WORK REQUEST: Please produce a character-exact copy of the listing that follows, omitting all images.

DATASET CONTENT:
※ ※ ※

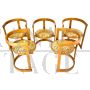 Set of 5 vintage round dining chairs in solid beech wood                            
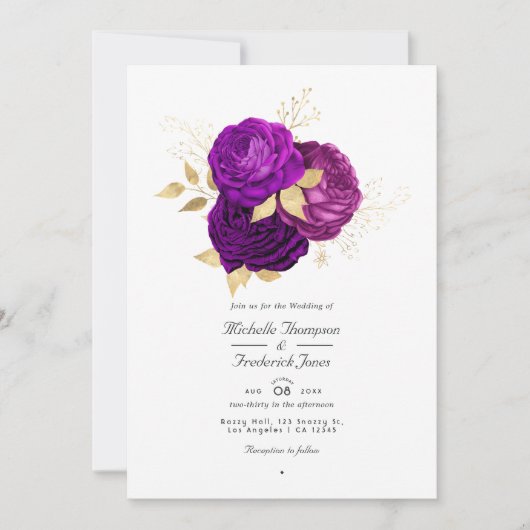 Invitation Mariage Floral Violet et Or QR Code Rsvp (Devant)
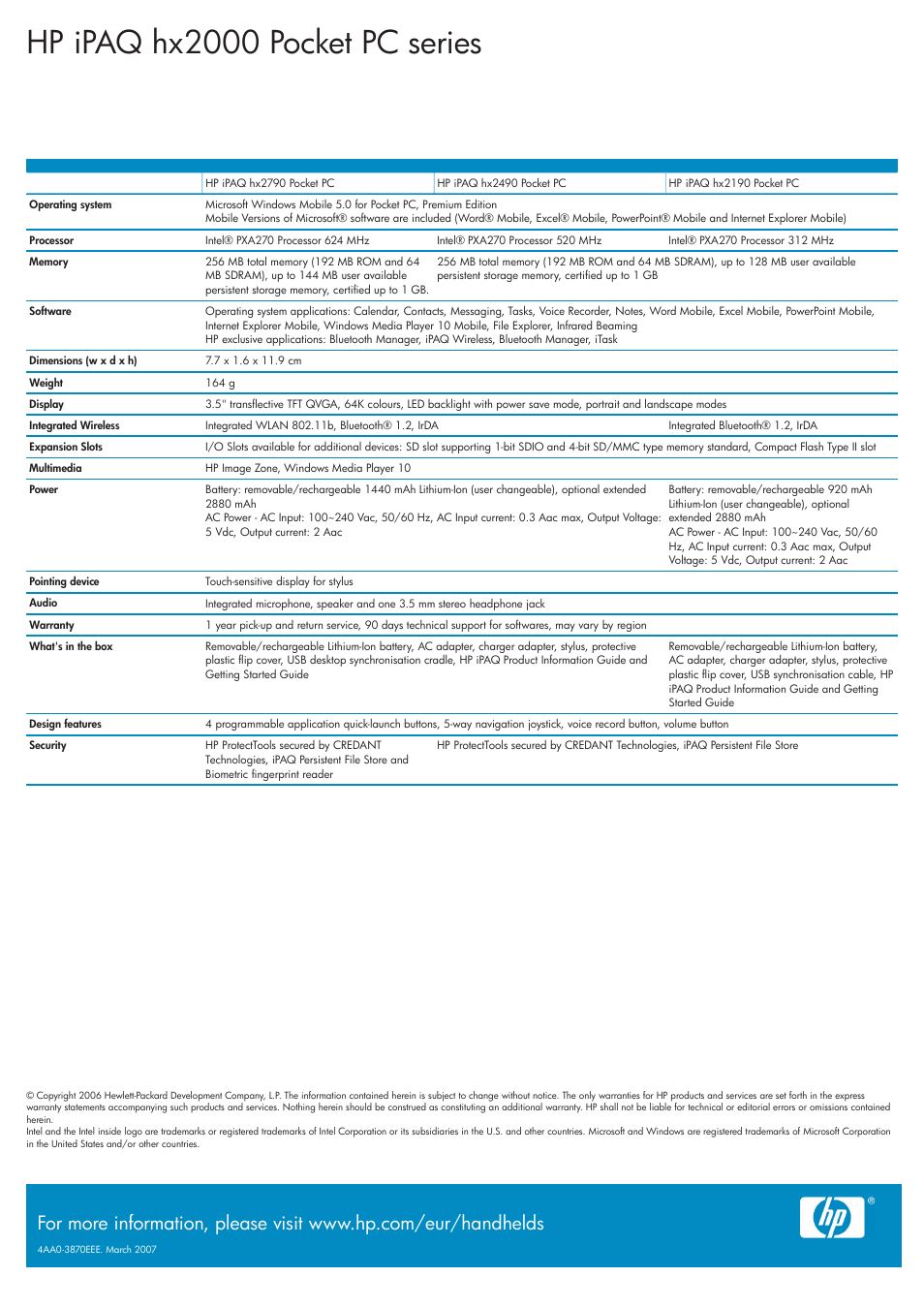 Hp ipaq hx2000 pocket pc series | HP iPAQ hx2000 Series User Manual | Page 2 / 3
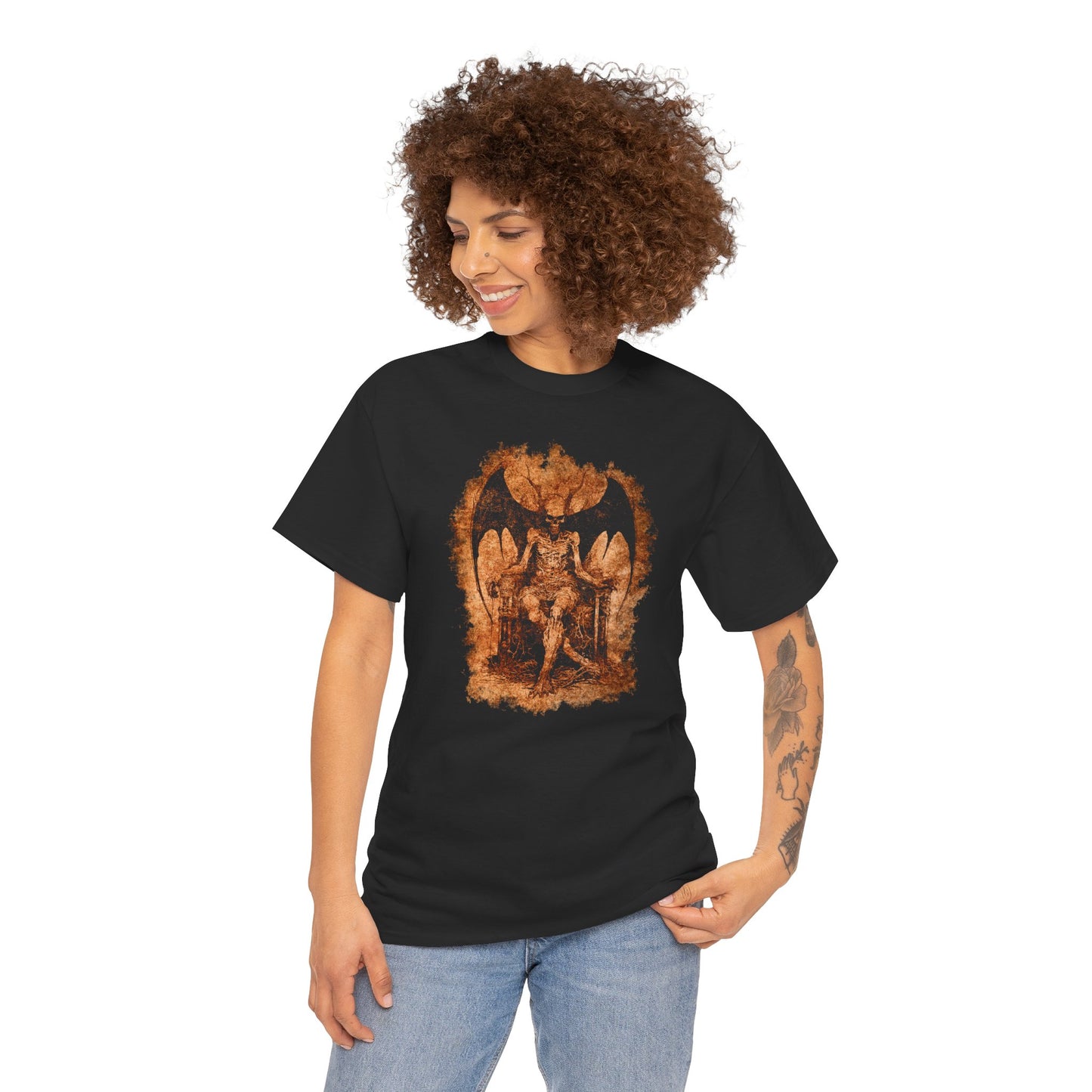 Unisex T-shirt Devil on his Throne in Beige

※ ※ ※

ANSWER FOR THIS EXERCISE:
 Set of 5 vintage round dining chairs in solid beech wood                            
 Invitation Mariage Floral Violet et Or QR Code Rsvp (Devant)
 Hp ipaq hx2000 pocket pc series | HP iPAQ hx2000 Series User Manual | Page 2 / 3
 Unisex T-shirt Devil on his Throne in Beige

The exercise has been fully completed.